Ingredients

The following ingredients have 4 Servings
  • 50g (⅓ cup) cashews
  • 100ml (3 oz) coconut milk
  • 1.25ml (¼ tsp) salt
  • 1.25ml (¼ tsp) ground cumin
  • 1 large courgette
  • 5ml (1 tbsp) coconut oil
  • 2.5ml (½ tsp) mustard seeds
  • 1 green chilli, finely chopped
  • 2.5ml (½ tsp) salt
  • 45ml (3 tbsp) pumpkin seeds, toasted [optional]
  • ½ lime, juiced

Instruction

  • To make the sauce, place the cashews, milk, salt and cumin in a bowl and leave to soak for at least an hour or overnight.

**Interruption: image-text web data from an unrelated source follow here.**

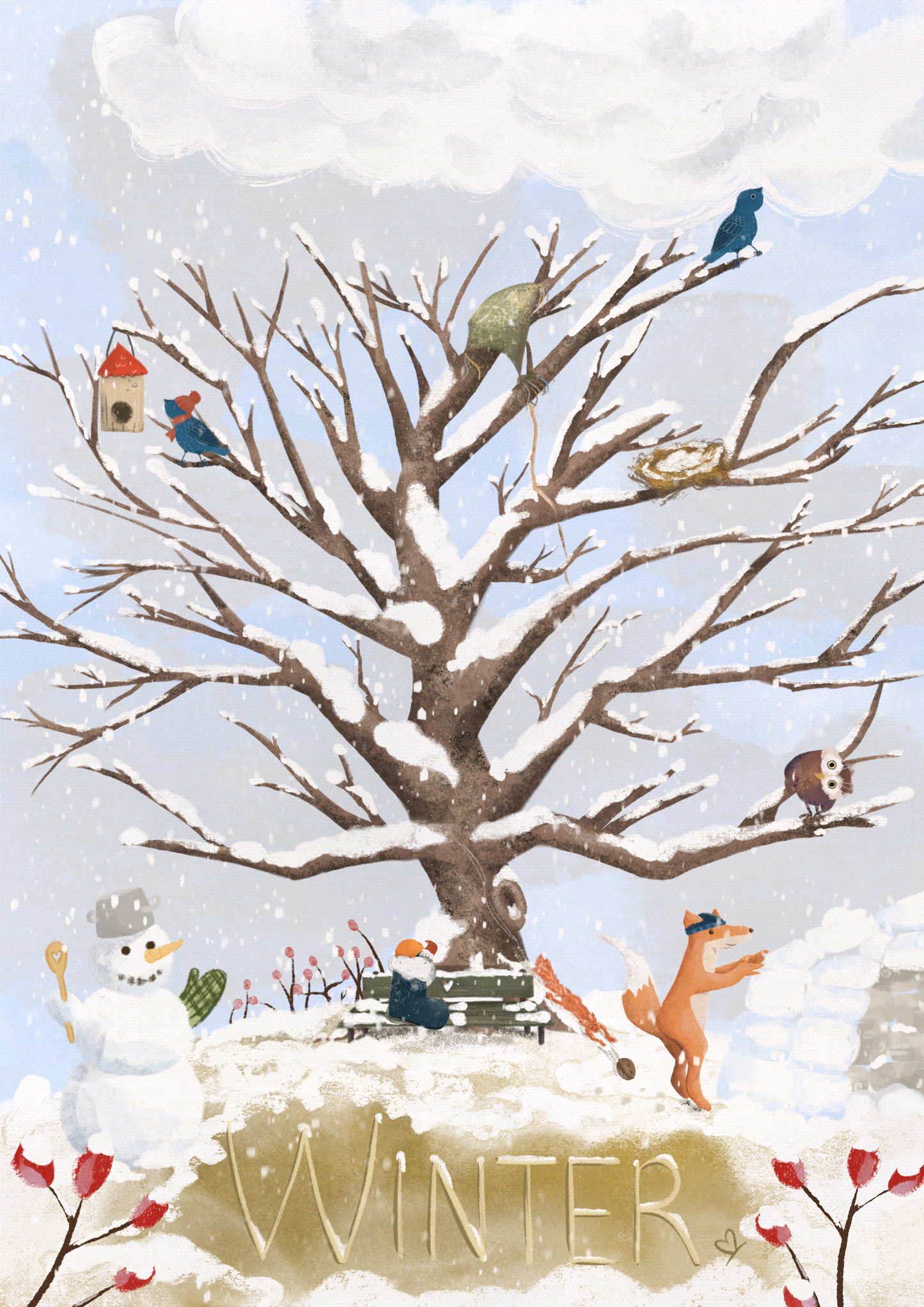 Das Bild "Winter" ist groß zu sehen mit Details wie einem Schneemann, ein Fuchs, der ein Iglu baut, einem alten Drachen, der im Baum hängt und einem zugeschneiten Vogelnest, der Vogel dazu sitz mit Schal vor einem Vogelhäuschen.
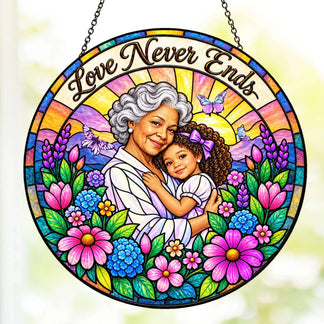 Personalized stained glass suncatcher featuring an illustration of a grandmother and granddaughter with floral art.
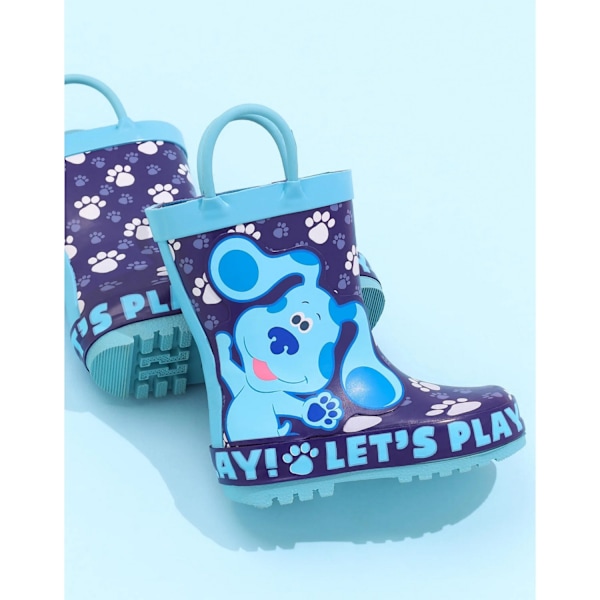 Blue's Clues & You! Barn/Kids Tassavtryck Gummistövlar Storlek 9 Navy/Blue 9 UK Child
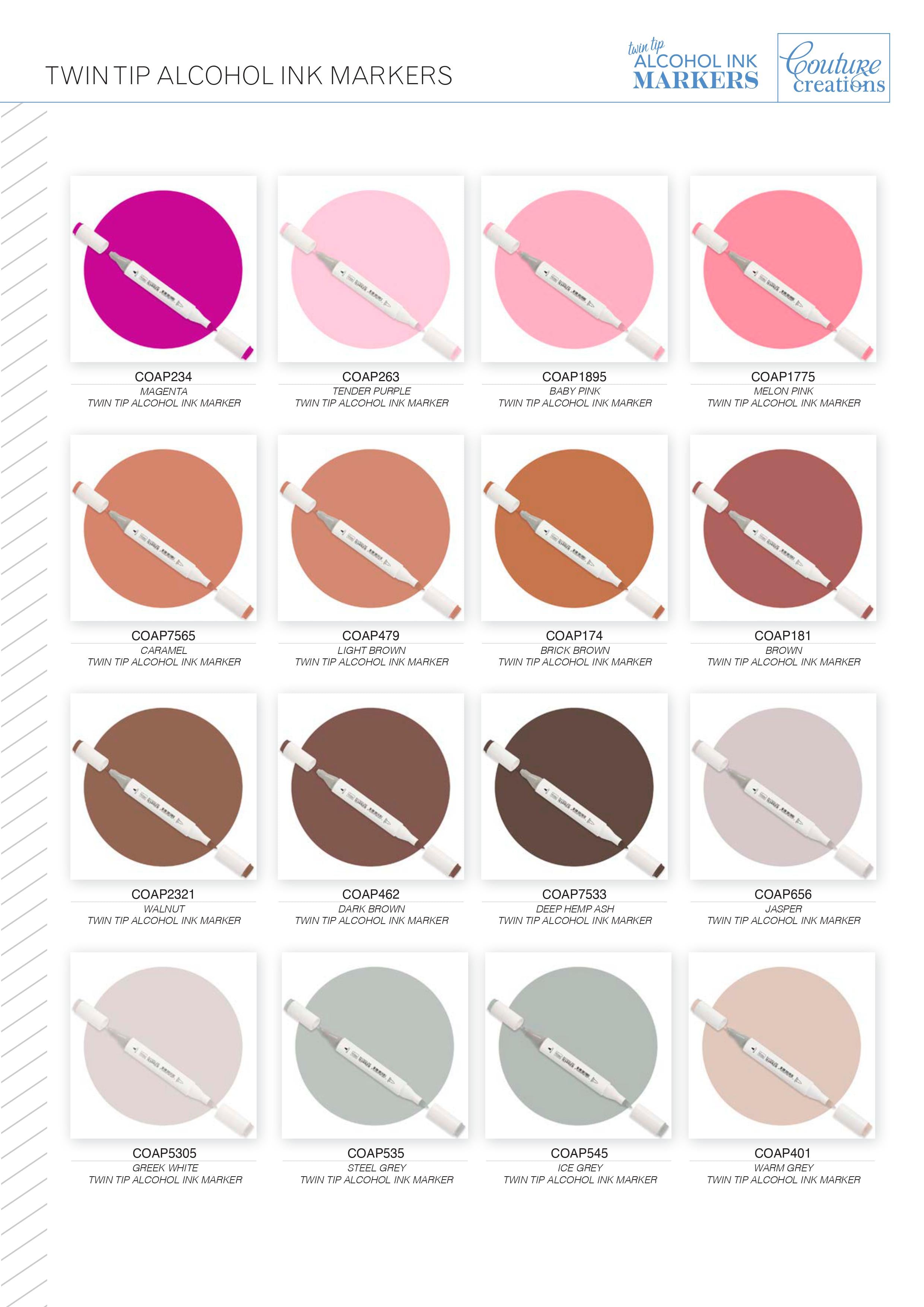 Twin Tip Alcohol Ink Marker - Browns, Greys & Black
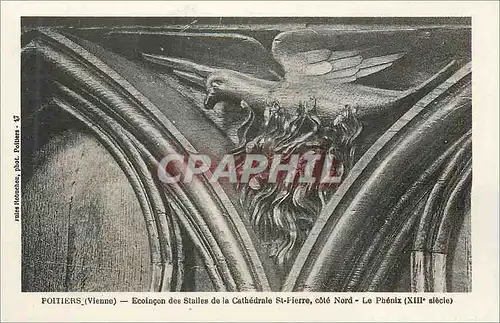 Cartes postales Poitiers Vienne Ecoincon des Stalles de la Cathedrale St Pierre cote Nord Le Phenix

If leaving overnight, leave it in the fridge.
  • When ready to make the salad, place the courgette in a spiralizer to make the courgetti, or if you don’t have a spiralizer, use a potato peeler to make long, thin slices.
  • Place the soaked sauce ingredients into a blender or food processor and blend together until smooth, then set aside.
  • In a large saucepan, heat the coconut oil, then add the mustard seeds. Once they pop, add the chilli.
  • Next add the ground turmeric and stir for a few seconds, then pour the blended sauce into the saucepan and add the courgetti and salt.
  • Stir the sauce and courgetti lightly then taste the sauce and add more salt or lime if needed.
  • Serve the dish immediately with pumpkin seeds sprinkled on top.